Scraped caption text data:

----

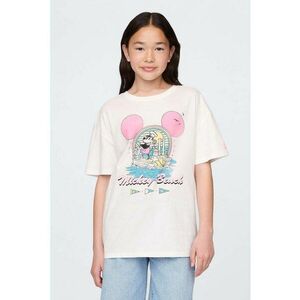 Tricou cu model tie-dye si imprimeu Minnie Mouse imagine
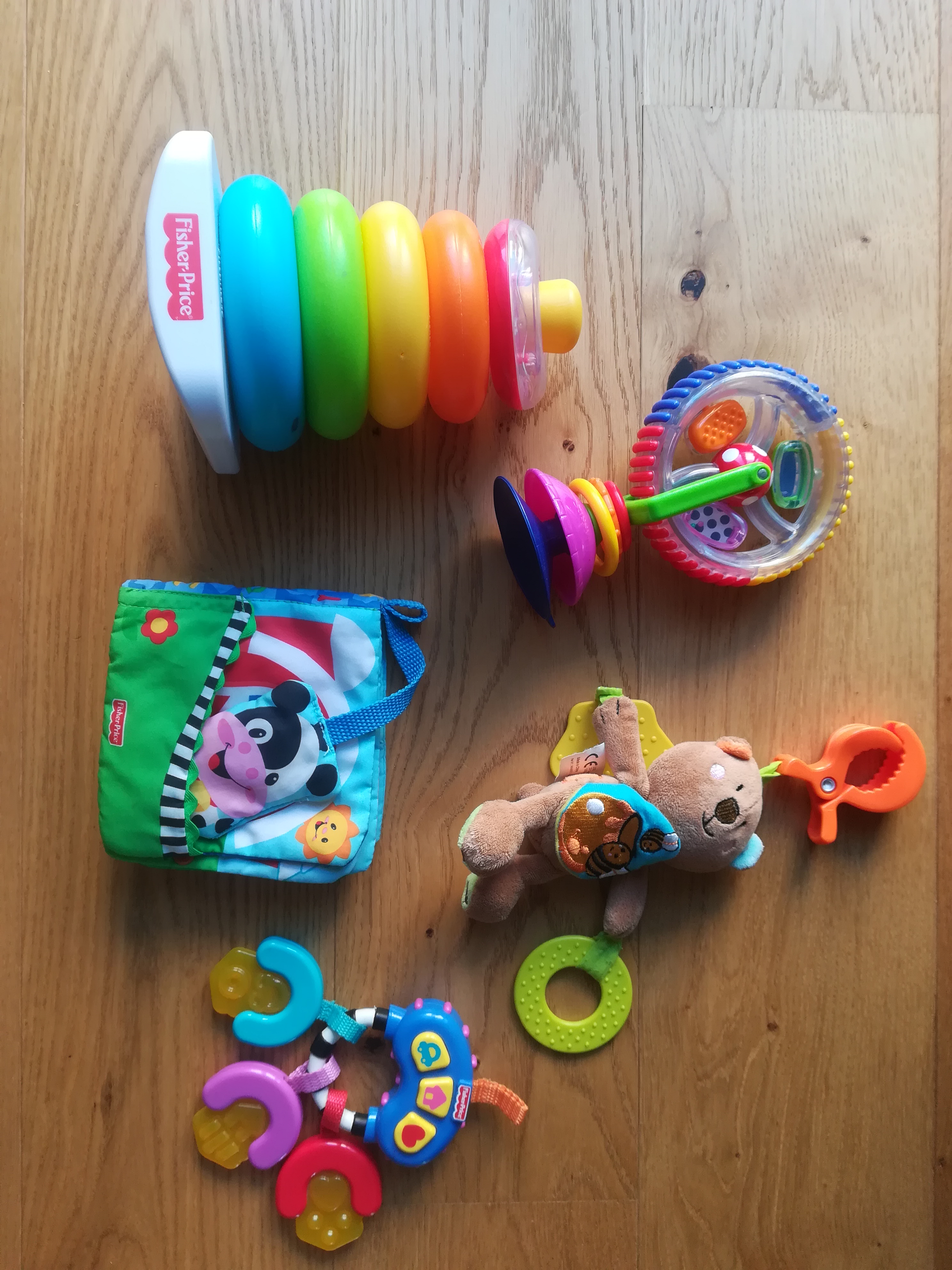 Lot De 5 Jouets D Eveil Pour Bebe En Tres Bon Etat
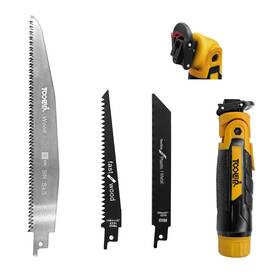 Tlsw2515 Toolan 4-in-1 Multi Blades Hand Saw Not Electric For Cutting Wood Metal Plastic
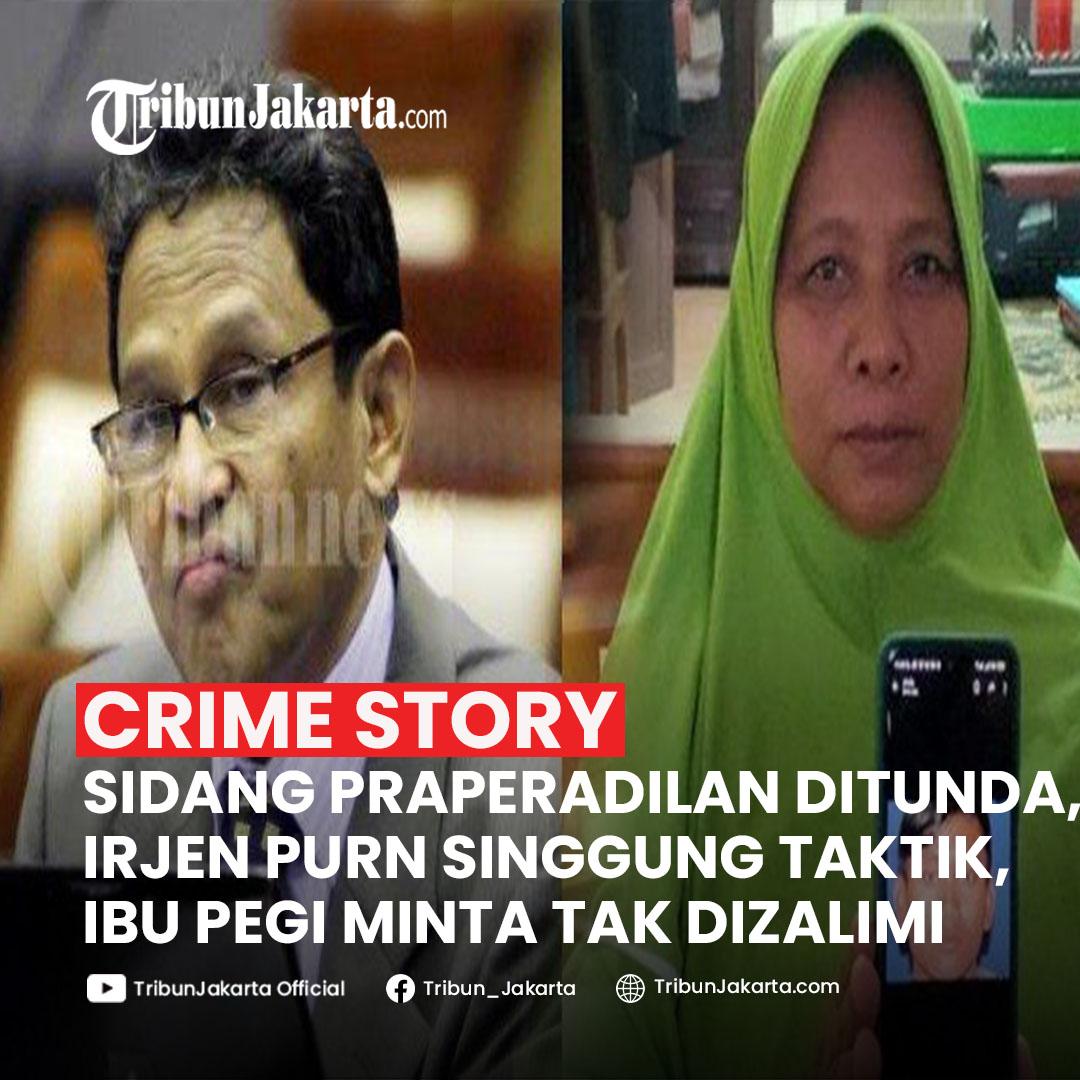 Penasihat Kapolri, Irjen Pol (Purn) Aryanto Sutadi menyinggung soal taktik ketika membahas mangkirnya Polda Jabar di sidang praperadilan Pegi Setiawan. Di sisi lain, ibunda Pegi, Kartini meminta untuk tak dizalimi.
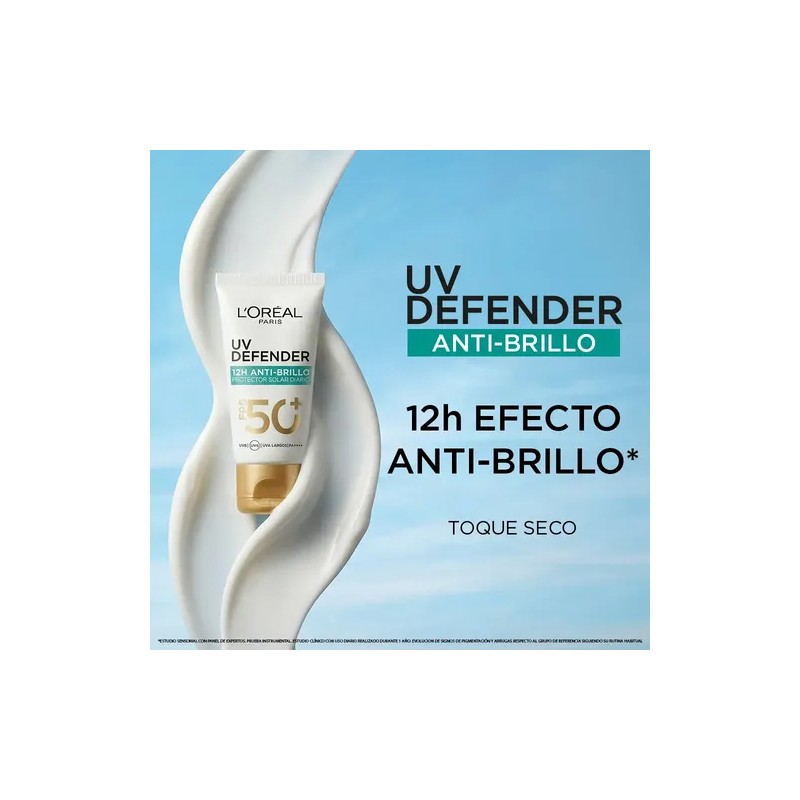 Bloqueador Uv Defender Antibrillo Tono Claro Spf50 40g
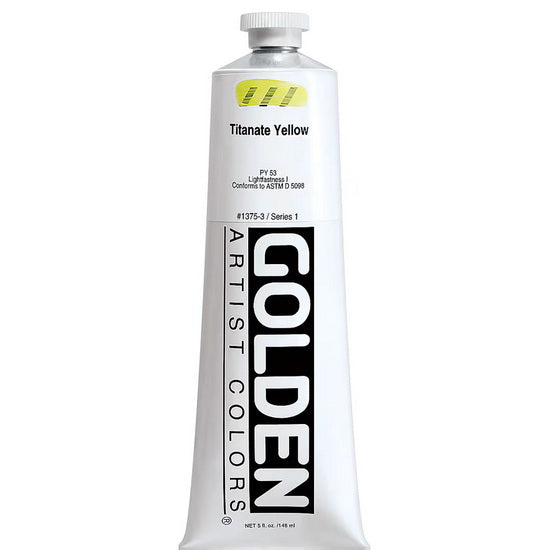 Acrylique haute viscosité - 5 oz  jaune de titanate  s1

----

What you are asked to do:
Ending at the line with "Tlsw2515 Toolan 4-in-1", reproduce exactly the lines that begin at the top of the data, and include no pictures.

Answer to the problem:
 Tricou cu model tie-dye si imprimeu Minnie Mouse imagine
 Lot De 5 Jouets D Eveil Pour Bebe En Tres Bon Etat
 Tlsw2515 Toolan 4-in-1 Multi Blades Hand Saw Not Electric For Cutting Wood Metal Plastic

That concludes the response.